Task: A faithful transcription of all the entries below is needed, without the pictures.

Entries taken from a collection
####################
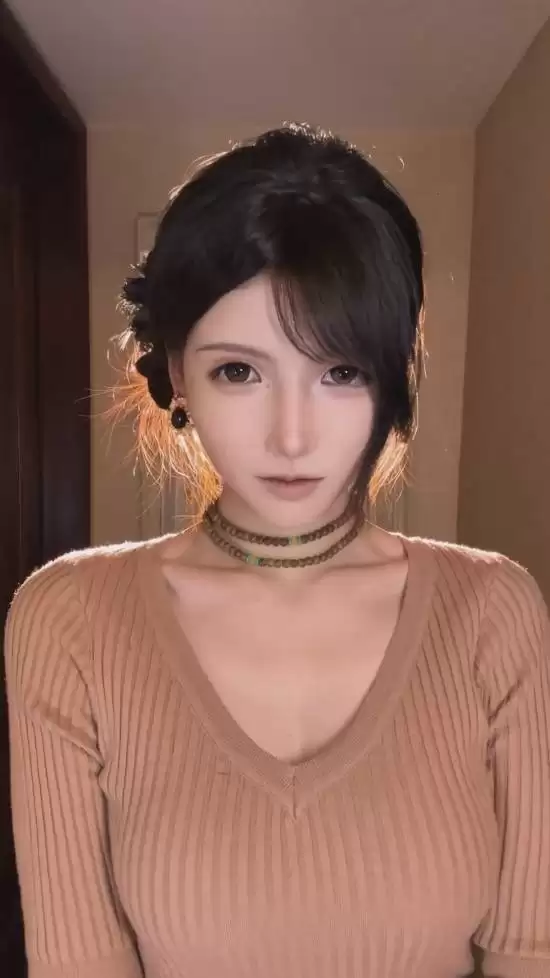 抖音第一蒂法素颜曝光！网友：老天爷赏饭吃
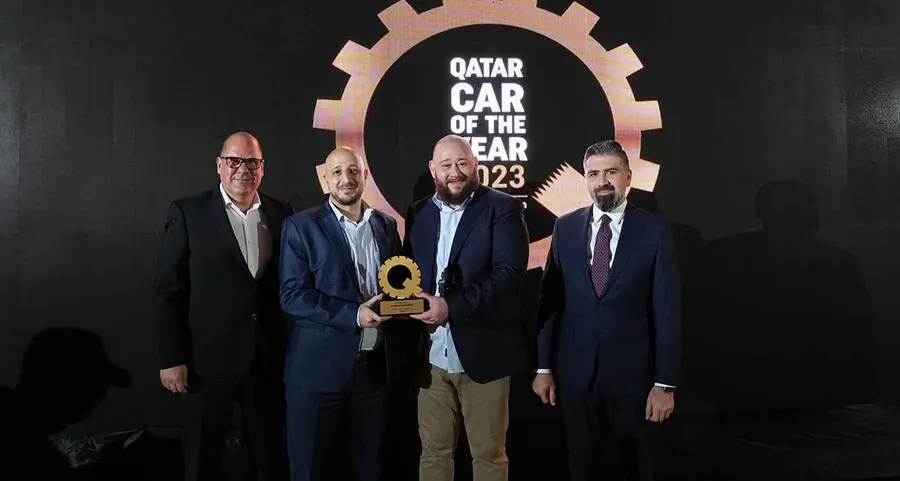 Qatar Automobiles Company receives the ‘Best Mid-Size SUV’ Award for Mitsubishi Outlander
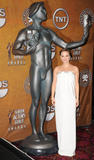 http://img250.imagevenue.com/loc516/th_00387_celebrity_paradise.com_TheElderNataliePortman_23_122_516lo.jpg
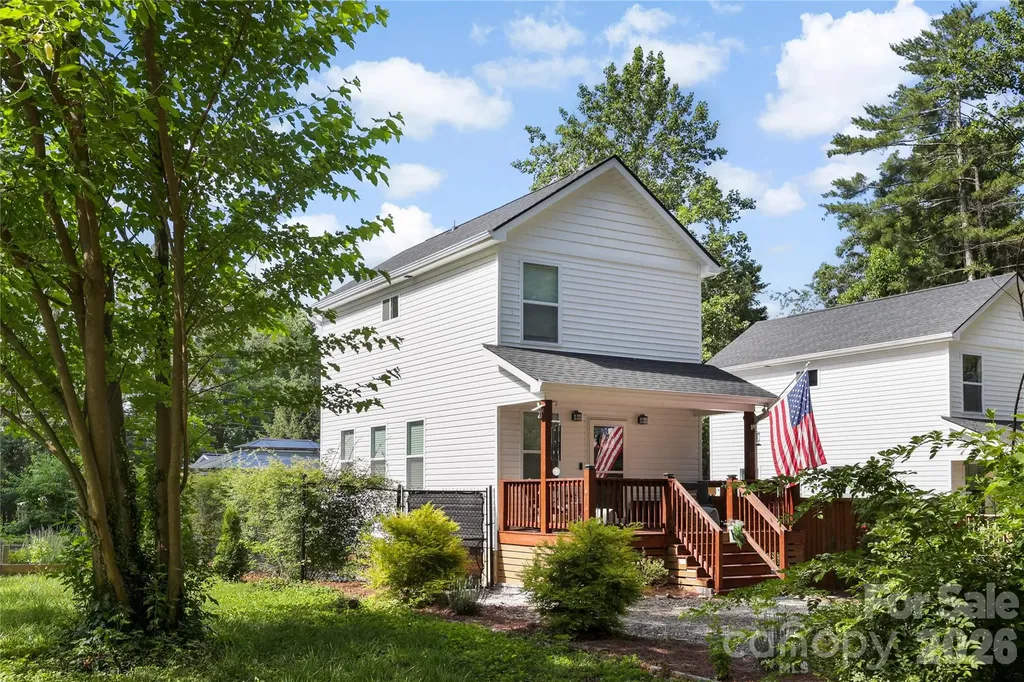 Arden NC, 13 Trade Street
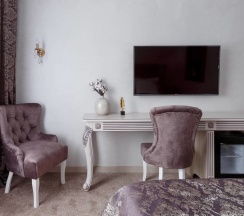 Улучшенный номер с кроватью размера "Queen-size" в Боголюбский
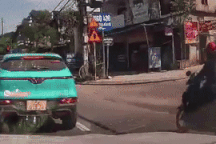 Tài xế taxi va quệt với thai phụ rồi bỏ chạy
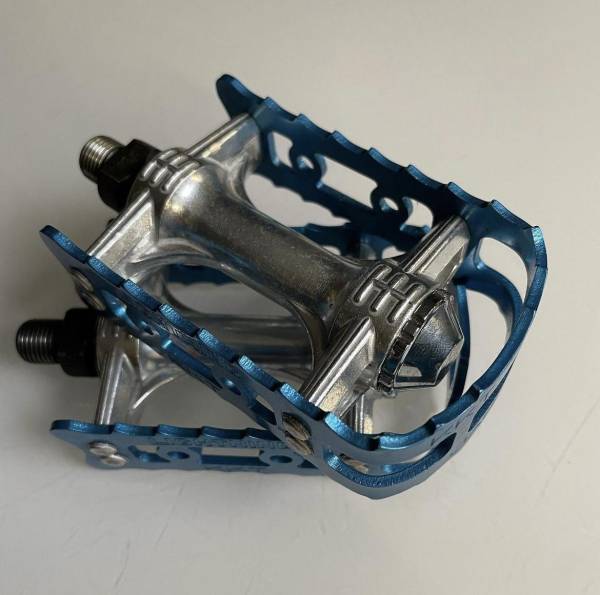 13 KKT FMX LIGHTNING PEDALS 9/16” AXLES Blue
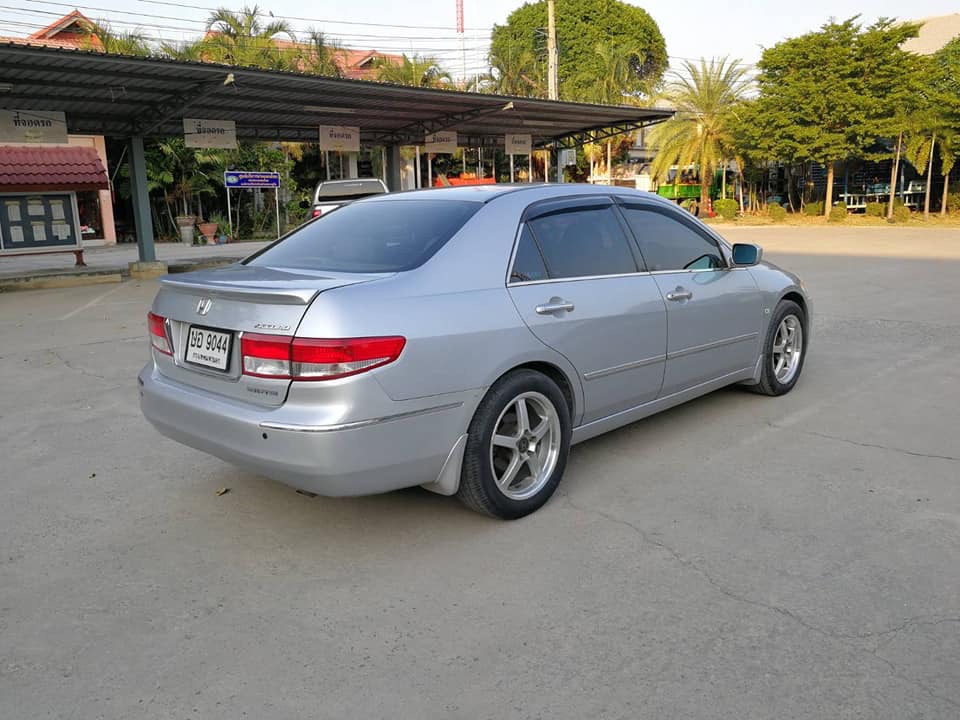 Honda Accord Gen 7 (ปลาวาฬ) ปี 2004 สีเงิน (รูปที่ 4)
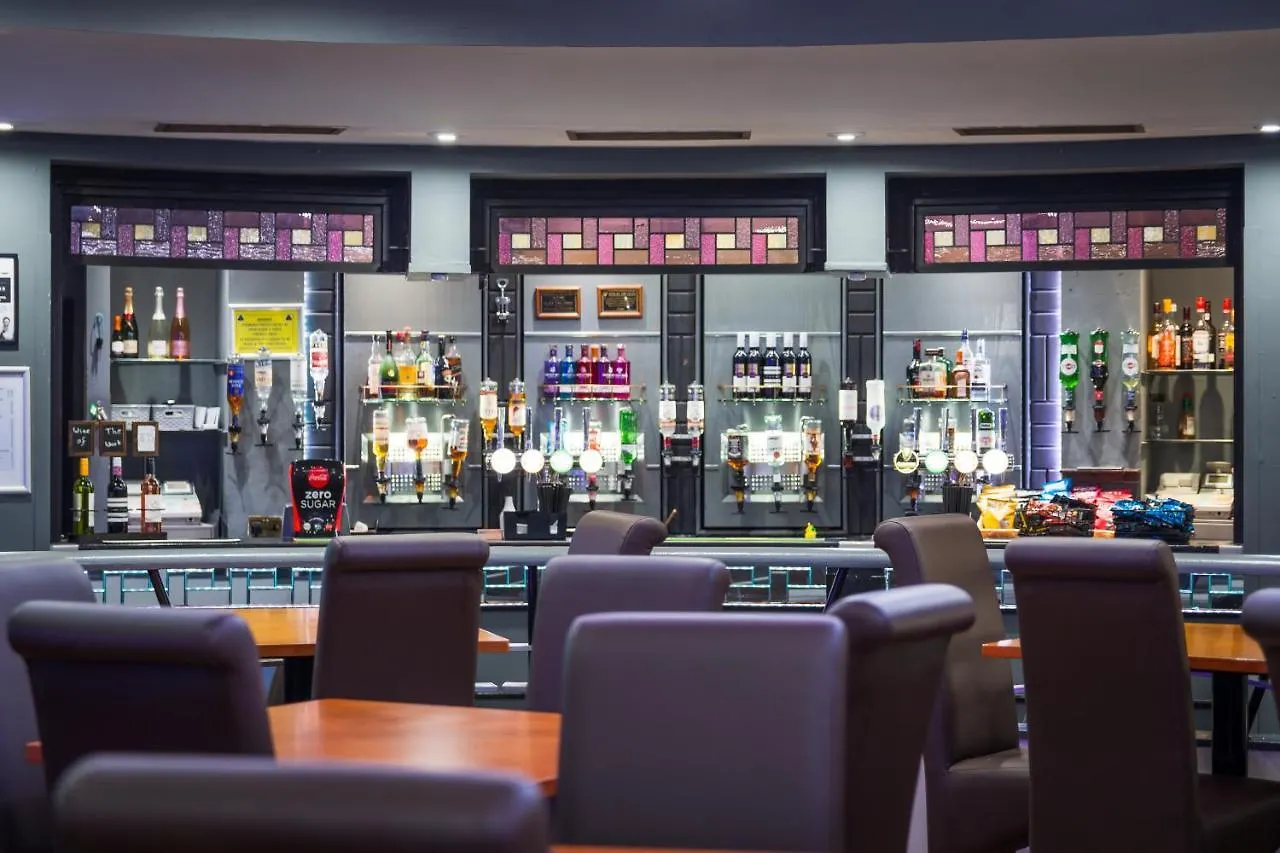Airport Hotel Manchester 3*,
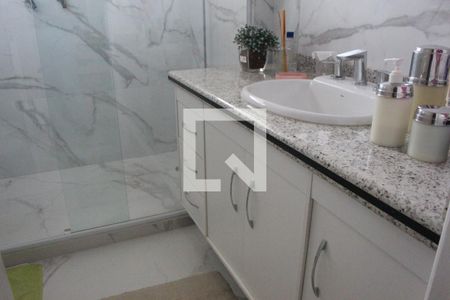 Apartamento à venda com 380m², 4 quartos e 5 vagasBanheiro Suíte 2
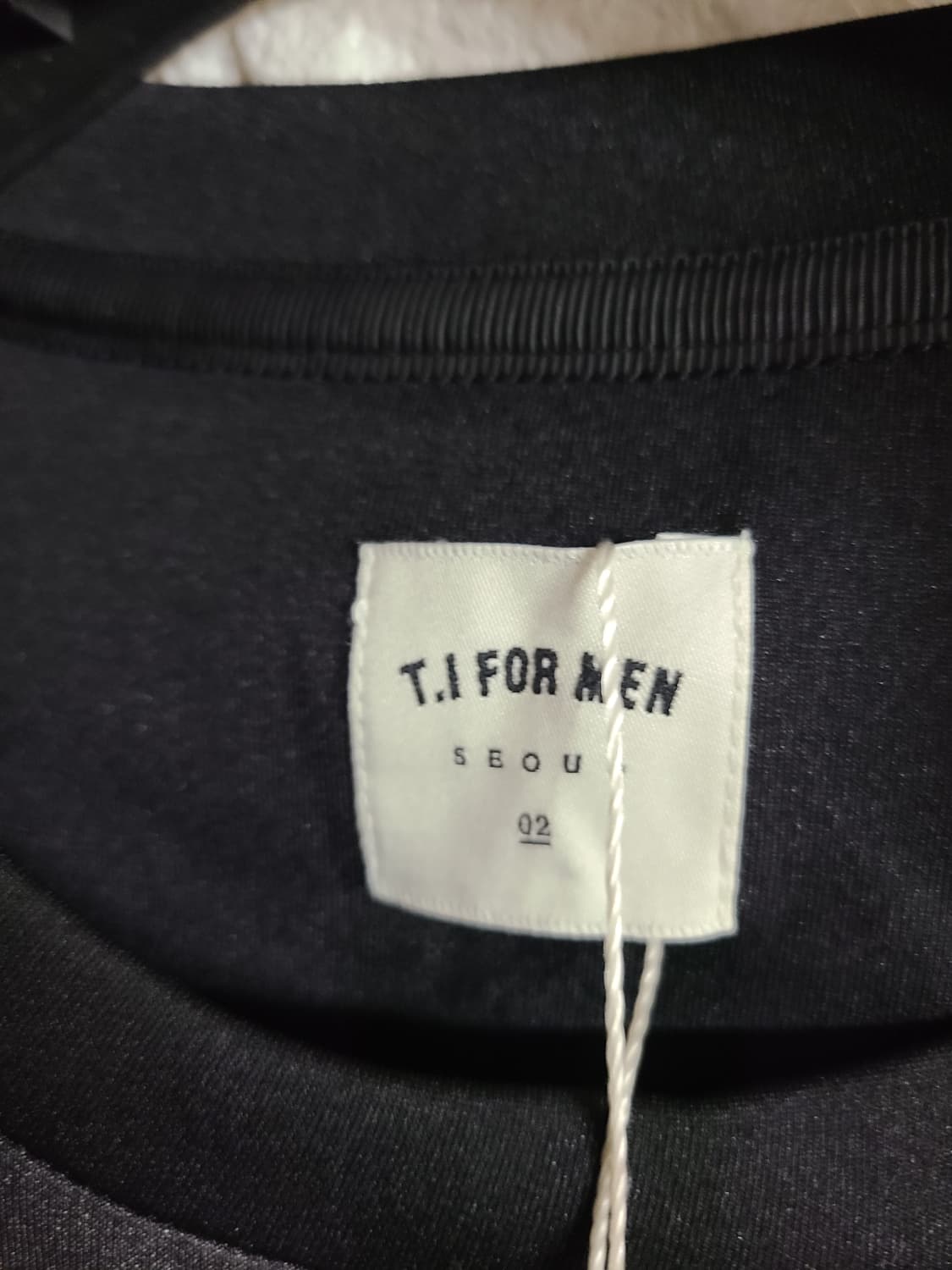 T.I FOR  MEN 블랙 배색 반팔 티셔츠(100) 상품이미지4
####################
Answer space:
 抖音第一蒂法素颜曝光！网友：老天爷赏饭吃
 Qatar Automobiles Company receives the ‘Best Mid-Size SUV’ Award for Mitsubishi Outlander
 http://img250.imagevenue.com/loc516/th_00387_celebrity_paradise.com_TheElderNataliePortman_23_122_516lo.jpg
 Arden NC, 13 Trade Street
 Улучшенный номер с кроватью размера "Queen-size" в Боголюбский
 Tài xế taxi va quệt với thai phụ rồi bỏ chạy
 13 KKT FMX LIGHTNING PEDALS 9/16” AXLES Blue
 Honda Accord Gen 7 (ปลาวาฬ) ปี 2004 สีเงิน (รูปที่ 4)
Airport Hotel Manchester 3*,
 Apartamento à venda com 380m², 4 quartos e 5 vagasBanheiro Suíte 2
 T.I FOR  MEN 블랙 배색 반팔 티셔츠(100) 상품이미지4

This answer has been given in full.